▸ **Excerpted data**
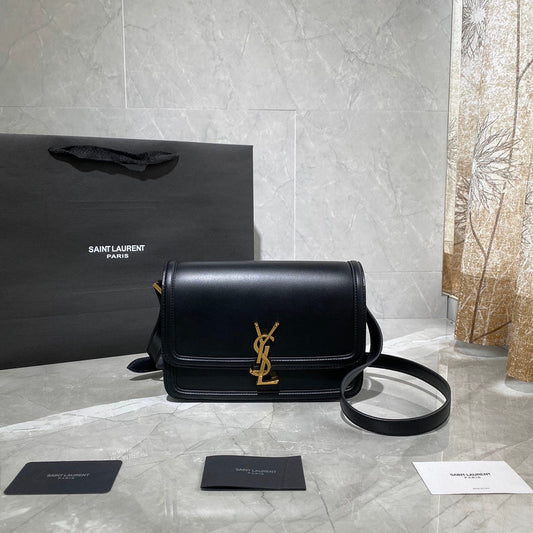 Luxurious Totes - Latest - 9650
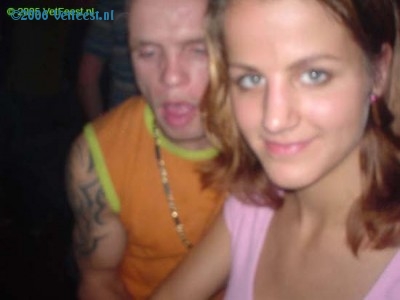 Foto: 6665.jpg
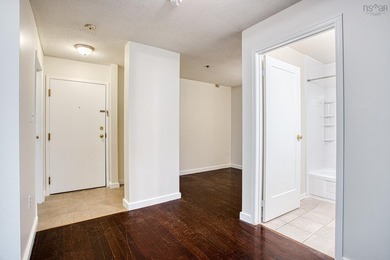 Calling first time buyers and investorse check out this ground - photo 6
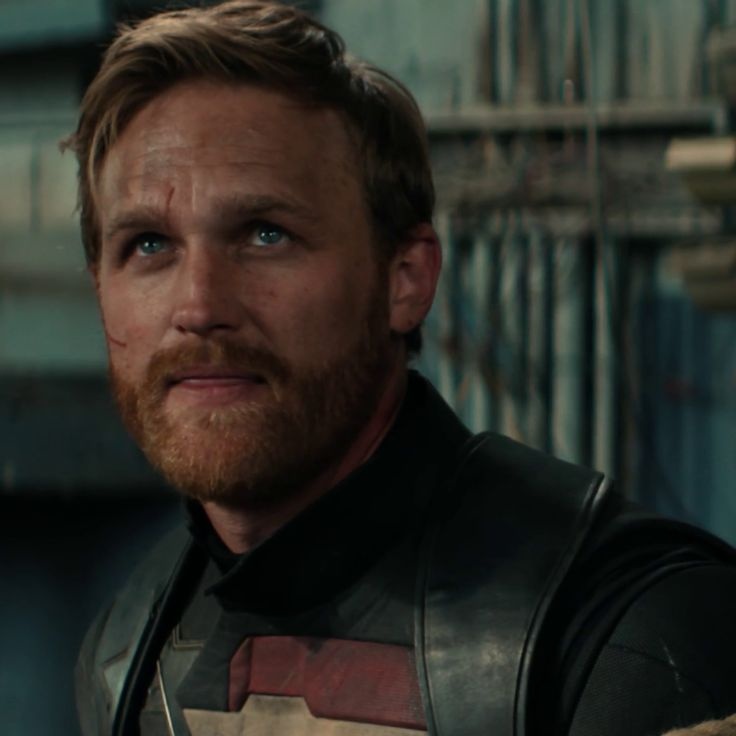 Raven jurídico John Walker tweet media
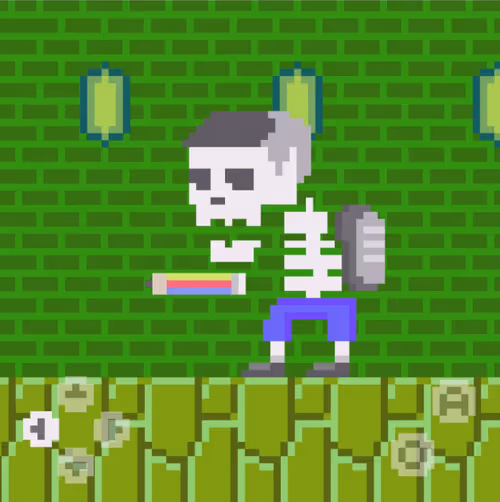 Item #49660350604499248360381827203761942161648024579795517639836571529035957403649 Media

▸ **Exercise prompt**
Could you give all of the data again exactly as written, omitting any pictures?

▸ **Final answer**
 Luxurious Totes - Latest - 9650
 Foto: 6665.jpg
 Calling first time buyers and investorse check out this ground - photo 6
 Raven jurídico John Walker tweet media
 Item #49660350604499248360381827203761942161648024579795517639836571529035957403649 Media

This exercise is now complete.